Healthcare and Life Sciences
Create HIPAA-compliant, domain-specific models for diagnosis support, clinical research, and patient interaction.
Financial Services
Deploy secure LLMs for compliance automation, sentiment analysis, and financial document summarization without exposing sensitive data.
Education and Research
Universities and labs can test and benchmark multiple open-source models without incurring massive cloud costs or relying on black-box APIs.
Government and Defense
Deploy trusted, transparent models for mission-critical systems while meeting strict data governance requirements.
Pricing of Together AI
As of June 2025, Together AI offers flexible, usage-based pricing for its APIs and infrastructure. While specific pricing details vary by model and compute demand, here is a general breakdown:
Pay-as-You-Go API Access
Charged per 1,000 tokens, with pricing based on the model’s size and complexity (e.g., Llama 2 vs. Mixtral).Fine-Tuning Services
Custom quotes provided based on dataset size, model architecture, and GPU hours required. Includes optional MLOps support.Enterprise Plans
Tailored for large-scale use cases. Includes:Dedicated GPU clusters
Priority support
Custom security protocols
SLAs and uptime guarantees
Pricing details are not fully listed publicly, so interested teams should contact Together AI for a personalized demo and quote at https://www.together.ai.
Strengths of Together AI
Empowers users with full control over LLMs and their data
Supports leading open-source models with enterprise-grade performance
Scalable, low-latency inference APIs with flexible deployment
Fine-tuning infrastructure eliminates complex ML operations
Transparent and audit-ready—ideal for regulated industries
Active participation in the open-source community
Great for startups, enterprises, and public sector organizations alike
Drawbacks of Together AI
Requires some technical know-how to fully leverage advanced features
May not match all capabilities of proprietary models like GPT-4 in terms of general reasoning
Custom fine-tuning and enterprise deployments require direct engagement
Not a no-code platform—built for developers and ML engineers
Lacks pre-built turnkey solutions for end users; best suited as infrastructure
Comparison with Other Tools
Together AI vs. OpenAI
OpenAI provides powerful proprietary models, but lacks customization and data control. Together AI enables users to fine-tune and host open-source models for more flexibility.
Together AI vs. Hugging Face Inference Endpoints
Hugging Face offers similar API access to open models. Together AI focuses more on high-performance, enterprise-scale deployment and fine-tuning infrastructure.

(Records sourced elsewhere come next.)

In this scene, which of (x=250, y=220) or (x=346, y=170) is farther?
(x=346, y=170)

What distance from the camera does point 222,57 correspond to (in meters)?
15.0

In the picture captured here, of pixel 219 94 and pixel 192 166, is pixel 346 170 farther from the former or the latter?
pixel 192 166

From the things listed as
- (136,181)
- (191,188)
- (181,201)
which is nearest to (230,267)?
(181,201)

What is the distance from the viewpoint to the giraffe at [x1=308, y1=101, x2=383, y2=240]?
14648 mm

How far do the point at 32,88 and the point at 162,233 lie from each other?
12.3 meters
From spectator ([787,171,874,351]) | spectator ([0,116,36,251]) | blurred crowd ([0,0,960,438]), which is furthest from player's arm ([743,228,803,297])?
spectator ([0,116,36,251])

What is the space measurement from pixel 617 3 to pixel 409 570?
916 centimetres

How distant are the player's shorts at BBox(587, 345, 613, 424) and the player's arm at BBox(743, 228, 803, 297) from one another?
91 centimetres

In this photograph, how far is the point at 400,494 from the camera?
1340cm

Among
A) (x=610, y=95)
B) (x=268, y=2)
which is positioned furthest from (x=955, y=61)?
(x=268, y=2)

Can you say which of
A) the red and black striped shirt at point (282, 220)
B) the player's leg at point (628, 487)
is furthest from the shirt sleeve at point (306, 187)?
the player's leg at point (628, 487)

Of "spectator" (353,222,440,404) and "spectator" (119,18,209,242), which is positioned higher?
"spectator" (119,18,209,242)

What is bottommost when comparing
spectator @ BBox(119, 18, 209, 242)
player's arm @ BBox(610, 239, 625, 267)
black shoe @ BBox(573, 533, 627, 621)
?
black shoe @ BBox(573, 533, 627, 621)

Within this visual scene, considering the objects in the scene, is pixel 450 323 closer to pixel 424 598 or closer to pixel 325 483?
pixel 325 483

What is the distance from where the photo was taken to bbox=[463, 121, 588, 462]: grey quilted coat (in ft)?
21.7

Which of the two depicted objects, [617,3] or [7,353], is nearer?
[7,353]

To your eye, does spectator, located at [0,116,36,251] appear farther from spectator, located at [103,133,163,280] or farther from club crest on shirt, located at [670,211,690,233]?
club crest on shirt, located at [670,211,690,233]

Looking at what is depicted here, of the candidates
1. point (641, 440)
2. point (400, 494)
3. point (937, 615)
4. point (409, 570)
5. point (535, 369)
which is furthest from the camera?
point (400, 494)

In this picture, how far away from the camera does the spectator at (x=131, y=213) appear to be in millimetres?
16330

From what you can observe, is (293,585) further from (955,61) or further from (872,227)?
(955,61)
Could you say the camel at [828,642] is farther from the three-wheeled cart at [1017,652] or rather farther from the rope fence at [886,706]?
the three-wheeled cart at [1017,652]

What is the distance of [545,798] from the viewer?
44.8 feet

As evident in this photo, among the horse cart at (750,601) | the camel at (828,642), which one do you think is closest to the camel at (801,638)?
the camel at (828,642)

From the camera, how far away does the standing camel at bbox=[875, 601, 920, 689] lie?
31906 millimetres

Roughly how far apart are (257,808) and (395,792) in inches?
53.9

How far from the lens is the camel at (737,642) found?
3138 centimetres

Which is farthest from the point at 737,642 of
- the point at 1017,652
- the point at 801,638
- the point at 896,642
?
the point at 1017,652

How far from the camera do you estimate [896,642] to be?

Together AI vs. AWS Bedrock
Bedrock supports proprietary and foundation models, but Together AI gives deeper control and more direct customization via open-source stack.
Together AI vs. Google Vertex AI
Vertex AI integrates with Google’s cloud ecosystem but can be more complex and costly. Together AI is optimized specifically for open-source LLMs.

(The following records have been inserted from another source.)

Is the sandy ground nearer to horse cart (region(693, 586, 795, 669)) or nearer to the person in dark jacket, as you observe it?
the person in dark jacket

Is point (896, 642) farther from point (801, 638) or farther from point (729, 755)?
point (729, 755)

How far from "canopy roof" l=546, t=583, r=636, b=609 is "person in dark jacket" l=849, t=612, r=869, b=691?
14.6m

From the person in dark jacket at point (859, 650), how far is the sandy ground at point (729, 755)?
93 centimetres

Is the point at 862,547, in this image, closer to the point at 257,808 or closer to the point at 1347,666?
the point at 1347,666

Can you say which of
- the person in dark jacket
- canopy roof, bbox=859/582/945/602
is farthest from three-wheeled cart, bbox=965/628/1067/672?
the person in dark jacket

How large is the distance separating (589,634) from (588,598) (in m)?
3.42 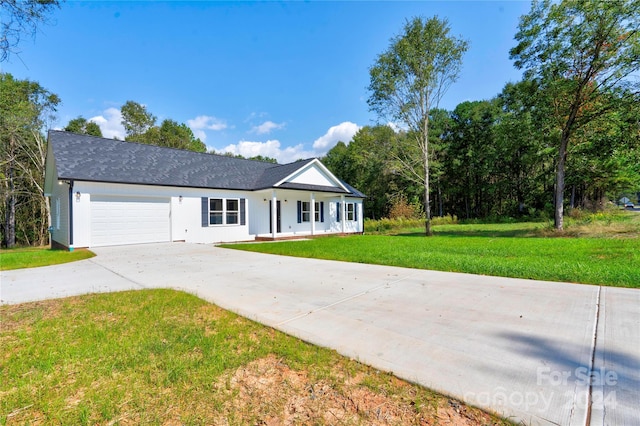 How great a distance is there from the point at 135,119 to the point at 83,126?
4.69 meters

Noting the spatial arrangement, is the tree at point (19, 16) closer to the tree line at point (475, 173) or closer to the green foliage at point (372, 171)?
the tree line at point (475, 173)

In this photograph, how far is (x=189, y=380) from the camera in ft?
7.58

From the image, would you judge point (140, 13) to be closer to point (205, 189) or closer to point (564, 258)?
point (205, 189)

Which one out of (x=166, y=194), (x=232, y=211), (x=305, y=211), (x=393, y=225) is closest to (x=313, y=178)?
(x=305, y=211)

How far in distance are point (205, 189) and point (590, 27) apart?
1828cm

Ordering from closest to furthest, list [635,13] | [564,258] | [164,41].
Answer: [564,258]
[635,13]
[164,41]

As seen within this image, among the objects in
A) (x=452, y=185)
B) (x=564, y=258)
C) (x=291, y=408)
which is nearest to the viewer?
(x=291, y=408)

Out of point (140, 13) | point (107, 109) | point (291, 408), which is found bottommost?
point (291, 408)

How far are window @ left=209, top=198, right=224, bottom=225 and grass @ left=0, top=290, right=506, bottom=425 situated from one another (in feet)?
38.0

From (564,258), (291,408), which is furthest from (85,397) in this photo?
(564,258)

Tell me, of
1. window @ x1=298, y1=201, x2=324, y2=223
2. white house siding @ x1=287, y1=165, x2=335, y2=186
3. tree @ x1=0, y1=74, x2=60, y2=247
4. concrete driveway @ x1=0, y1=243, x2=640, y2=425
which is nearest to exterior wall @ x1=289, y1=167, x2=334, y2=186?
white house siding @ x1=287, y1=165, x2=335, y2=186

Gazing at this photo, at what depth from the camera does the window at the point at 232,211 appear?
1570 centimetres

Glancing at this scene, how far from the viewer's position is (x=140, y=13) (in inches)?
405

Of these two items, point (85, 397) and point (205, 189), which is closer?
point (85, 397) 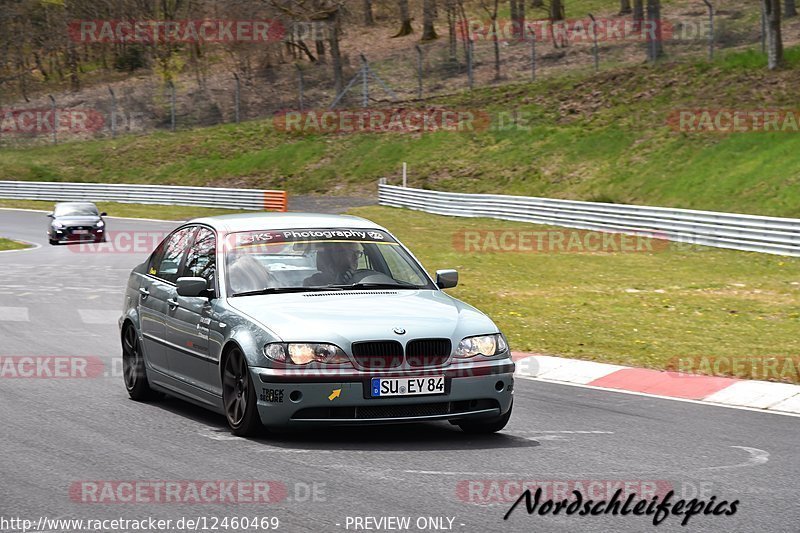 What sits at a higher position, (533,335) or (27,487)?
(27,487)

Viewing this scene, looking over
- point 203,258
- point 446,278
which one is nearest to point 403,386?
point 446,278

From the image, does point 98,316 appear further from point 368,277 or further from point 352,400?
point 352,400

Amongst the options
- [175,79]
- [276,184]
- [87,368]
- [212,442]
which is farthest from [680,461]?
[175,79]

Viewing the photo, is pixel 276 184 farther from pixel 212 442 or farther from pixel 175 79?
pixel 212 442

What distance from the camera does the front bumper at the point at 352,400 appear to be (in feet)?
25.8

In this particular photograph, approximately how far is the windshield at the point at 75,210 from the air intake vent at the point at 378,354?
91.7 feet

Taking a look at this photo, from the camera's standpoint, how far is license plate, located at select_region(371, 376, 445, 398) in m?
7.91

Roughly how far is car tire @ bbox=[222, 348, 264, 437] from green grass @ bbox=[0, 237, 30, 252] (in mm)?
25756

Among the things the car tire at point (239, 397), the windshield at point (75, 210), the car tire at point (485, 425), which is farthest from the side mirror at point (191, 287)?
the windshield at point (75, 210)

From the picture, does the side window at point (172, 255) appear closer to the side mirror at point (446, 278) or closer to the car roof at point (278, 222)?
the car roof at point (278, 222)

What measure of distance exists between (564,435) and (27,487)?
3.80 meters

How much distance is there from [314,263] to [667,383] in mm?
4102

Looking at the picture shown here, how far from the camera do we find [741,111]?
41938mm

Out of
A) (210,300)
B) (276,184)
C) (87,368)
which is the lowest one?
(276,184) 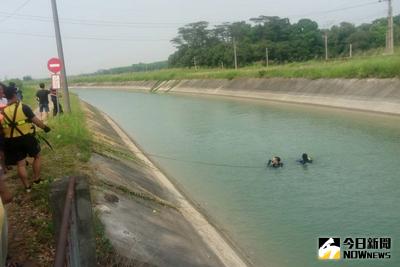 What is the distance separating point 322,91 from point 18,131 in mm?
30280

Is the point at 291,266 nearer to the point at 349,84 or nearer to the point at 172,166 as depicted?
the point at 172,166

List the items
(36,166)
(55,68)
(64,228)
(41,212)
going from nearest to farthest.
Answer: (64,228)
(41,212)
(36,166)
(55,68)

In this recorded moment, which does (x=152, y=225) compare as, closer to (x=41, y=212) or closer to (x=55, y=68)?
(x=41, y=212)

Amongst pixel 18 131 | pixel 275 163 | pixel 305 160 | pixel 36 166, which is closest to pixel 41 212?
pixel 36 166

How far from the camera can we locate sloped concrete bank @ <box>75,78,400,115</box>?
27594mm

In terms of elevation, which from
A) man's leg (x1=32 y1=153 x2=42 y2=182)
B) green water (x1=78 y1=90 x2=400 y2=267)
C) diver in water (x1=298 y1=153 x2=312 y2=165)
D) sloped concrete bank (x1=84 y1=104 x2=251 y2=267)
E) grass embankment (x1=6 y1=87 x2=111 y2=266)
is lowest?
green water (x1=78 y1=90 x2=400 y2=267)

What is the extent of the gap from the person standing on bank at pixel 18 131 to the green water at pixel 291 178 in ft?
15.7

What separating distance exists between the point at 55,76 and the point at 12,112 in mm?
10044

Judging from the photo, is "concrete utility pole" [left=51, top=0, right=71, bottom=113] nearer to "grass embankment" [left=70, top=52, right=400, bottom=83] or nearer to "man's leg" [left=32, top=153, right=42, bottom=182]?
"man's leg" [left=32, top=153, right=42, bottom=182]

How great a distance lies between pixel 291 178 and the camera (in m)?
13.9

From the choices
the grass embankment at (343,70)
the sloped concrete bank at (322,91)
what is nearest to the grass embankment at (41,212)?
the sloped concrete bank at (322,91)

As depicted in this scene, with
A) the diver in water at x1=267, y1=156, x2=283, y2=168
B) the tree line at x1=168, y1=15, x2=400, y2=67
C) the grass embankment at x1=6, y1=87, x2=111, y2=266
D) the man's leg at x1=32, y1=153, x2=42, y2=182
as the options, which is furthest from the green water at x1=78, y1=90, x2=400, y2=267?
the tree line at x1=168, y1=15, x2=400, y2=67

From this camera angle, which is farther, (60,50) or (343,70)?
(343,70)

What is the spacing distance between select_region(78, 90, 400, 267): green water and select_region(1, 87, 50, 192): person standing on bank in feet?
15.7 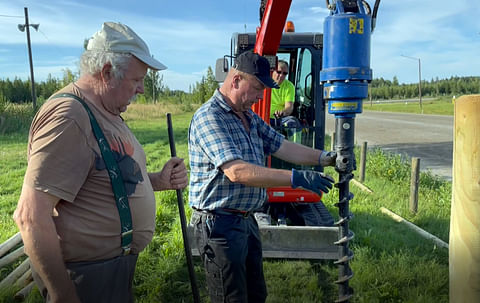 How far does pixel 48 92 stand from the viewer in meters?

Customer Reviews and Testimonials
Together AI has quickly earned a reputation among developers and AI-focused companies:
“Together gave us the tools to fine-tune an open-source model for our legal platform. It performs better than GPT-3.5 and keeps all data private.” – CTO, LegalTech Startup
“We needed transparency, cost-efficiency, and speed. Together delivered on all fronts.” – AI Infrastructure Lead, Enterprise SaaS Company
“Instead of relying on closed APIs, we now control and deploy our own models, and our margins improved by 40%.” – Head of Engineering, HealthTech Firm
The platform is also active in the open-source community and widely recognized for its contributions to model hosting and democratized AI infrastructure.
Conclusion
Together AI is building the foundation for a more open, customizable, and scalable AI ecosystem. Whether you’re a startup experimenting with open-source models or an enterprise deploying mission-critical AI systems, Together AI gives you the tools to train, tune, serve, and scale LLMs on your terms.
As AI adoption accelerates across industries, Together AI offers a compelling path toward model sovereignty, transparency, and control—without sacrificing performance.